*Task instructions*:
Will you extract the entries word for word? Images should not appear in the copy.
========
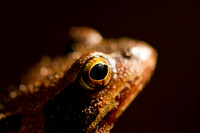 Common frog / Bruine kikker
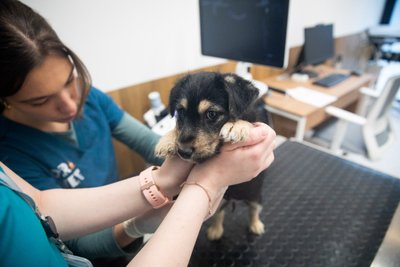 Veterinarai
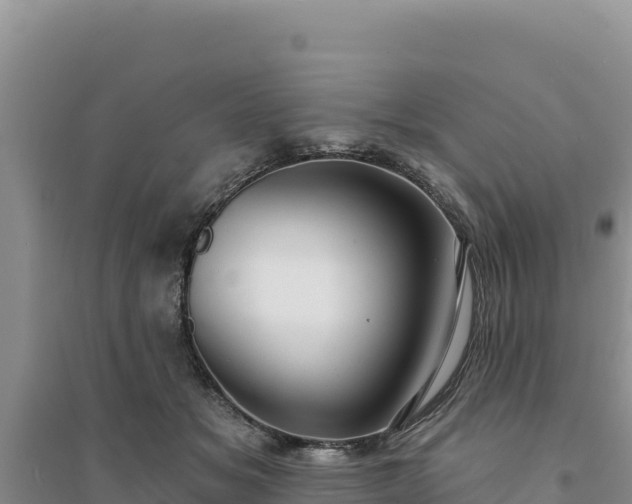 X0000094350509200711091455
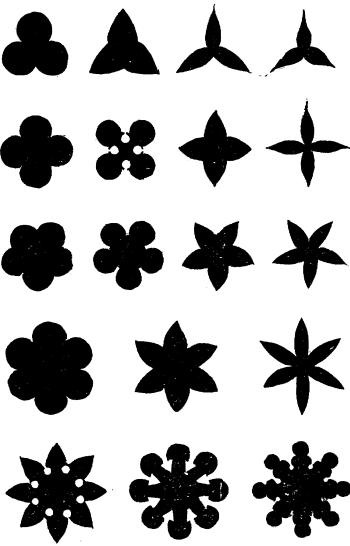 Fig. XVIII. Fig. XVIII.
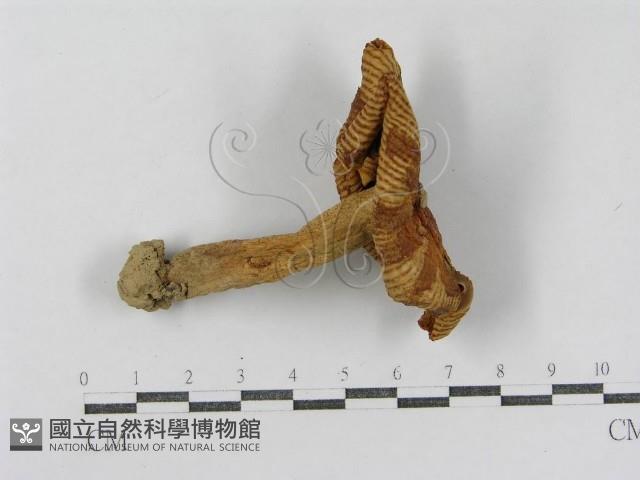 登錄號:F0011196藏品圖，第1張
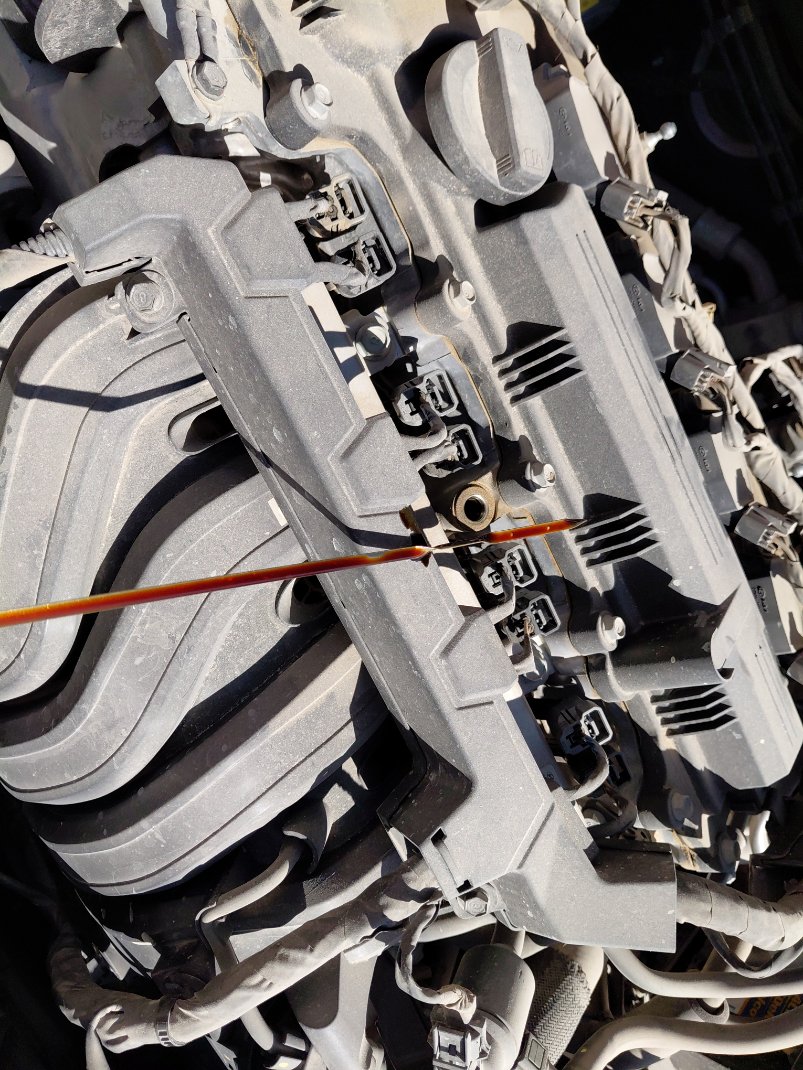 Hyundai Elantra FLT  2024 image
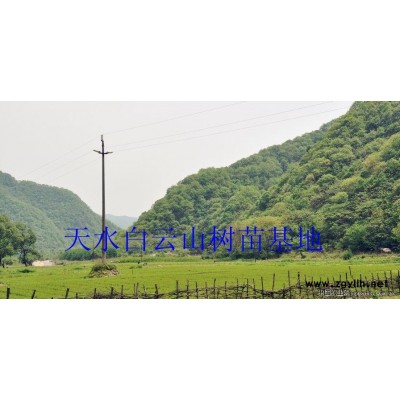 供應(yīng)油松樹苗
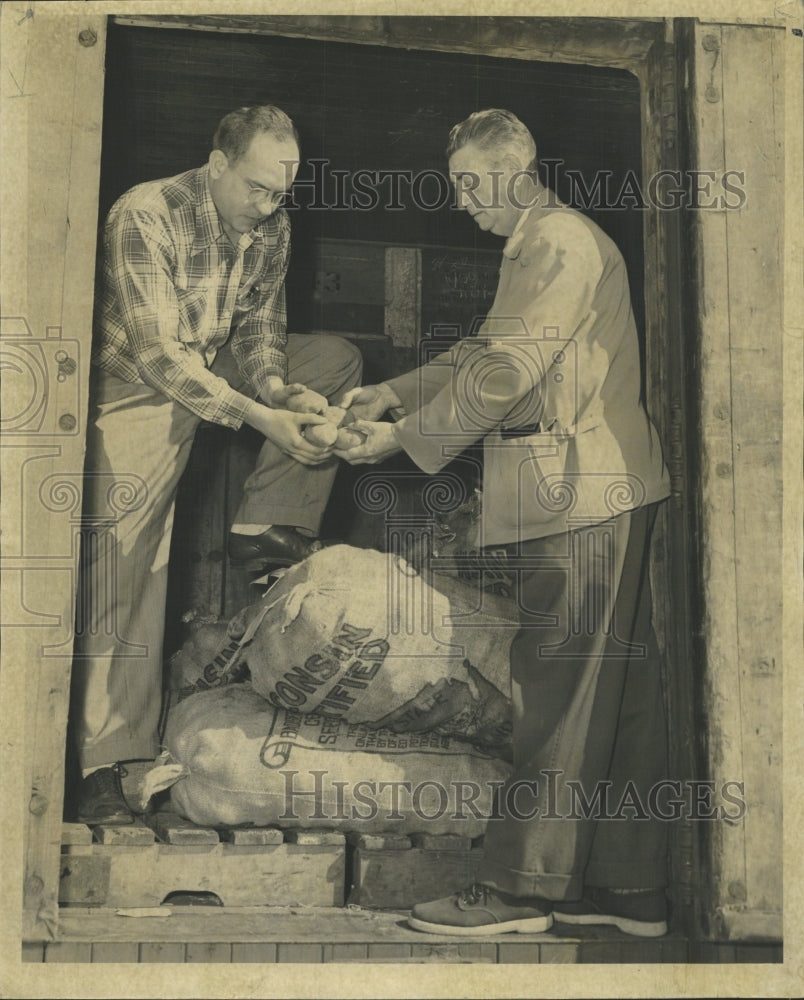 1952 Press Photo Men Looking at Potatoes - RRW35527 - Historic Images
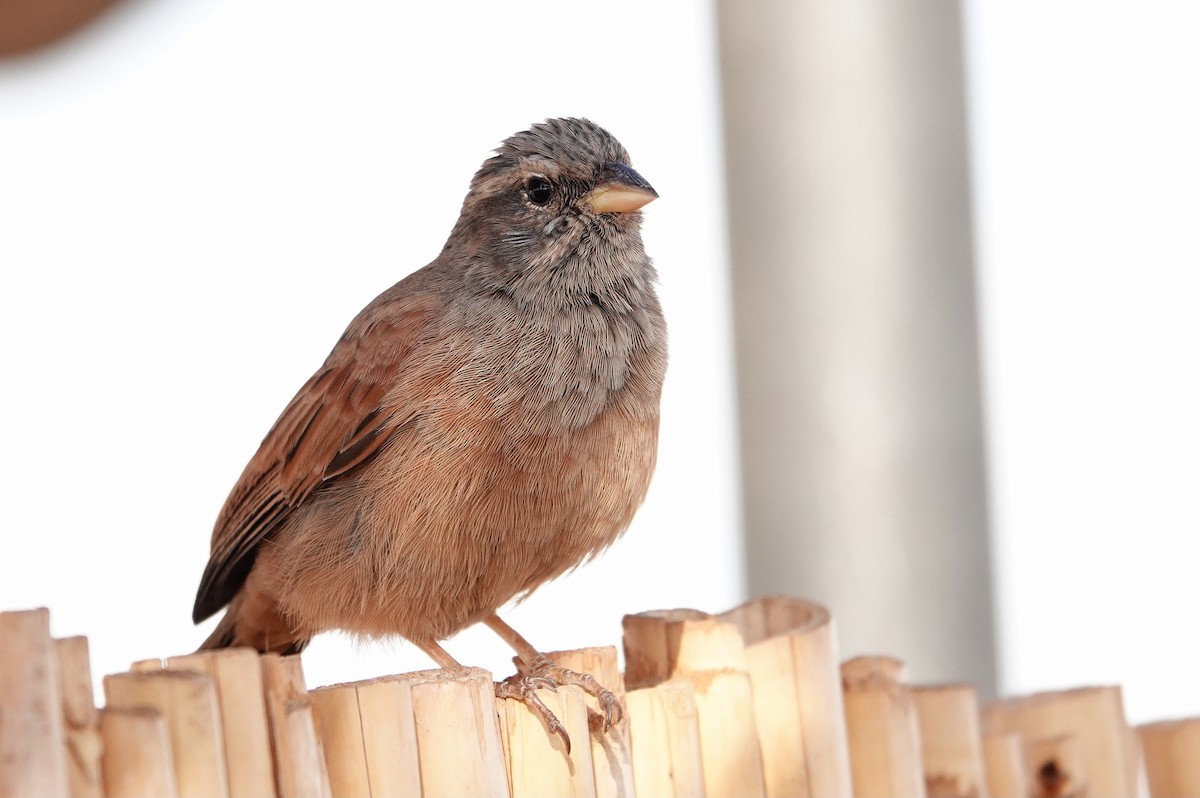 イエホオジロ - ML646569722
========
*The completed task*:
 Common frog / Bruine kikker
 Veterinarai
 X0000094350509200711091455
 Fig. XVIII. Fig. XVIII.
 登錄號:F0011196藏品圖，第1張
 Hyundai Elantra FLT  2024 image
 供應(yīng)油松樹苗
 1952 Press Photo Men Looking at Potatoes - RRW35527 - Historic Images
 イエホオジロ - ML646569722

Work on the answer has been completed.